* _Directions for this task_:
Using the records below, repeat exactly the lines from the one holding "Внезапно: История последнего" through the one holding "Image for Boombustology", both ends included, and no others.

*** Supplied records ***

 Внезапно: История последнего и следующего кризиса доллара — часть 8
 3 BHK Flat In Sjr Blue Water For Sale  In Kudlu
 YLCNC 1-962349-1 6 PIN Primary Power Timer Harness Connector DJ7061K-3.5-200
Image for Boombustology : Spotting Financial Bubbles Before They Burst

*** End of Supplied records ***
*** Supplied records ***

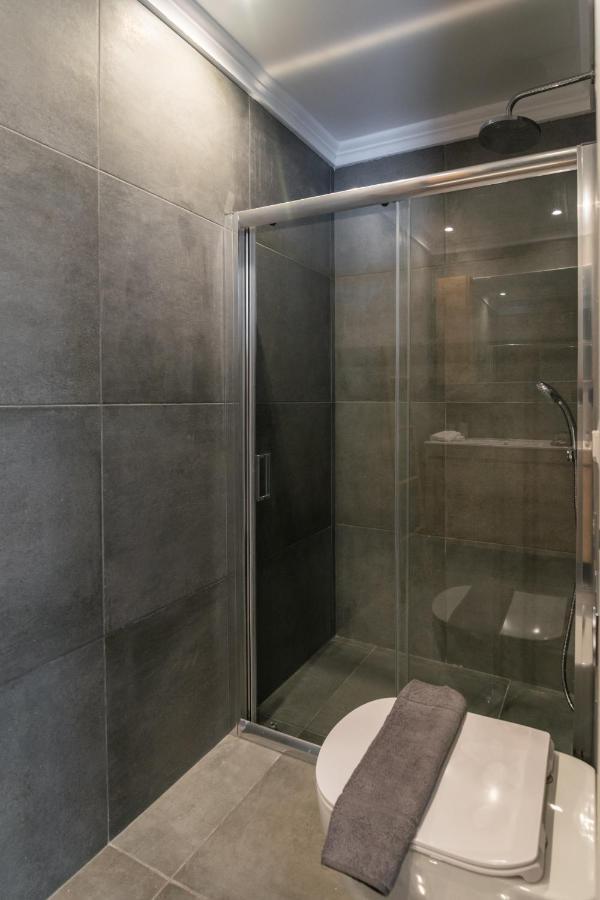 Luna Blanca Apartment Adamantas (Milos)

*** End of Supplied records ***

* _Response to this exercise_:
 Внезапно: История последнего и следующего кризиса доллара — часть 8
 3 BHK Flat In Sjr Blue Water For Sale  In Kudlu
 YLCNC 1-962349-1 6 PIN Primary Power Timer Harness Connector DJ7061K-3.5-200
Image for Boombustology : Spotting Financial Bubbles Before They Burst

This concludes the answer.